Read more about Semilore's thoughts and journey in her Students in the Spotlight feature. "Students in the Spotlight" is a conversation series with members of the SofC Student Academy and Urban Leadership Fellowship program.


Sydney Narciso Wilson

Sydney Narciso Wilson*, (UTSG) Undergrad – Bachelor of Arts in History, Human Geography & Peace, Conflict and Justice
Project : Catcalling is Not a Micro-Aggression: Exploring Women's Experience of Space in Toronto

Sydney is an undergraduate student double majoring in History and Peace, Conflict & Justice and minoring in Human Geography. A lifelong Torontonian she has divided her time between research, activism and community development work. She is particularly interested in gender analysis and intersectional feminism. As part of the Trinity College Research Program she is in the final stages of a major research project assessing government policies effect on the health of Indigenous sex workers, who are overrepresented in the sex industry at a rate of up to ten times their percentage of the general population. Previously, she spent three months in New Zealand as a Queen Elizabeth Scholar conducting research on colonial educations impact on gender roles in Maori communities.

Read more about Sydney's motivation and activism in her Q&A with SofC: "Take this opportunity to get back to the roots of pride" - Student Fellow & activist shares a message of inspiration in chaotic times.

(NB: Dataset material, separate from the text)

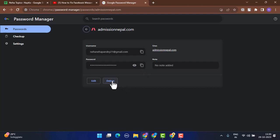So that's how you can see your saved password on Chrome browser. That is all for this video. I hope the video was helpful. If it did help you, make sure to like, share and subscribe to our channel. Thank you for watching. See you in the next video.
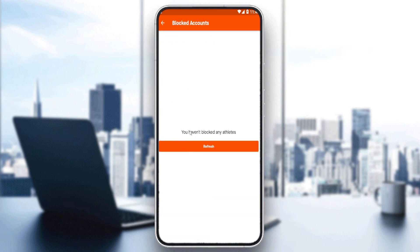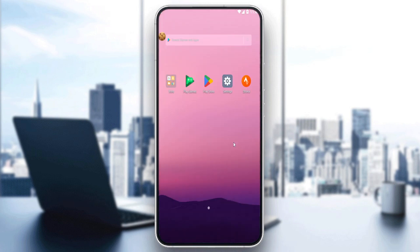As you can see, I haven't blocked any athletes or users on this Strava application. But if you have blocked anyone, you will find them here on the blocked accounts list. You'll have the Unblock option as well — just click on it to unblock anyone and you'll be good to go. That's it for this tutorial, I hope you liked it. Thank you for watching and goodbye!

Tania Kengatharan, (UTSG) Undergrad - Bachelor of Arts in Equity Studies, English, and Sociology
Project : Project Title: Art Circle Workshop Series

Tania is a fourth-year undergraduate student with a passion for examining the relationship between politics, resistance and art. Through her educational journey and lived experience, Tania aspires to create safe spaces for healing, solidarity and empowerment of marginalized communities. Her work explores the use of art as a space to process trauma, which often exists at the intersections of identity. 

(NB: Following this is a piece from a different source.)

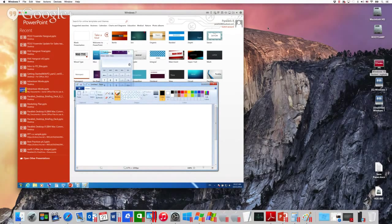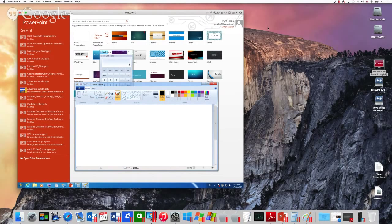We also added activity icons at the top of the screen showing disk and network access inside your virtual machine — always useful to know why something is taking a long time. We also send notifications to the Mac when things happening inside the virtual machine are going to consume a lot of processor power. The typical case people will see is when Windows is installing updates, which takes a lot of compute power. We send a notification so you know Windows Update is running and can understand why responsiveness is a bit lower.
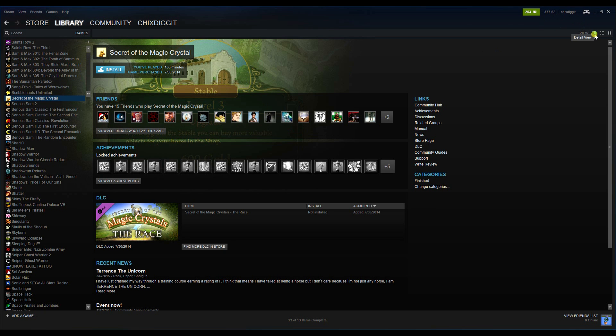We're going to make sure we have the detail view. We can switch it right here - detail view. And we're going to click on the game we want to remove, and we're going to go on the right hand side and click Support.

Thomas standing against a colorful wall

Thomas Siddall, (UTSG) Undergrad - Bachelor of Arts in International Relations and Contemporary Asian Studies
Project : New Ground: Technologies of Queer Respacialization Against Gentrification

Thomas Siddall (they/them) is a third-year undergraduate studying International Relations and Contemporary Asian Studies. They have served as the Victoria College Director on the University of Toronto Students' Union and as a member of the Victoria University Senate -  a reflection of their dedication towards community activism and equity seeking work. In the summer of 2018, Thomas worked with the Ontario Ministry of Citizenship and Immigration (now Ministry of Children, Community and Social Service) where they focused on northern and rural immigration issues. During that time, they produced part of the policy framework that was developed into the federal Northern and Rural Immigration pilot program. In 2019, they worked with the Beijing LGBT Center as part of a research project on gentrification of the Dashanzi area; this work is set to be published by In:cite Journal in late spring 2020.

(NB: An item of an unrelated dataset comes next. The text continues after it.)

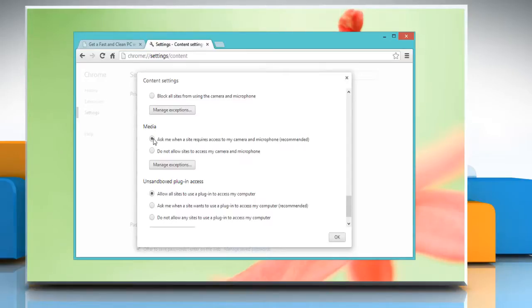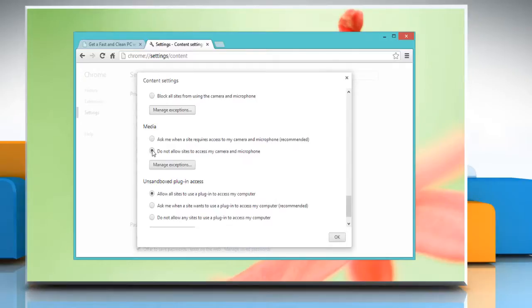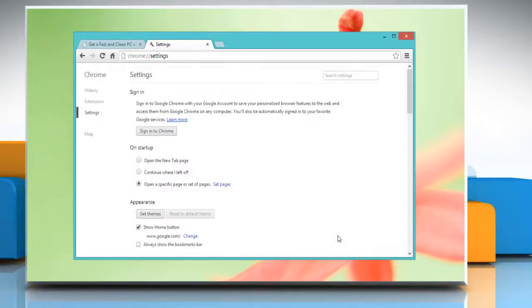Select 'do not allow sites to access my camera and microphone' option to automatically deny any site requests to access your camera and microphone. Click OK to save the current changes.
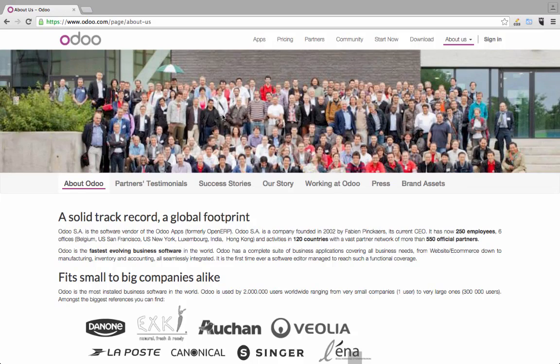Welcome. This is an online course about ODO, an open ERP — Enterprise Resource Planning or Enterprise Resource Management.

Learn more about Thomas' thoughts and journey in PDF icontheir Students in the Spotlight feature. "Students in the Spotlight" is a conversation series with members of the SofC Student Academy and Urban Leadership Fellowship program.


Victoria McCutcheon

Victoria McCutcheon, (UTSG) Undergrad - Bachelor of Arts in Sociology
Project : Meet the Neighbours

Victoria is a 2nd Year undergraduate student studying Sociology and Urban Studies. Throughout high school she was involved with the Mayor’s Youth Action Committee of Halton Hills, helping to advocate for change and advise community leaders on youth engagement initiatives. In the winter of 2013, she began an initiative with her mother known as “Elves on a Mission,” working to provide warm coats and blankets to Toronto’s homeless during the Christmas season. Currently, Victoria contributes to the U of T’s community through her involvement with ‘StrengthIN,’ an on-campus group that works to eliminate the stigma surrounding mental health and better prepare high school students for the stress of university through a variety of interactive workshops. With her MHFA and SafeTALK certification, Victoria hopes to bring both her background in mental health and her small-town perspective to her work within the School of Cities.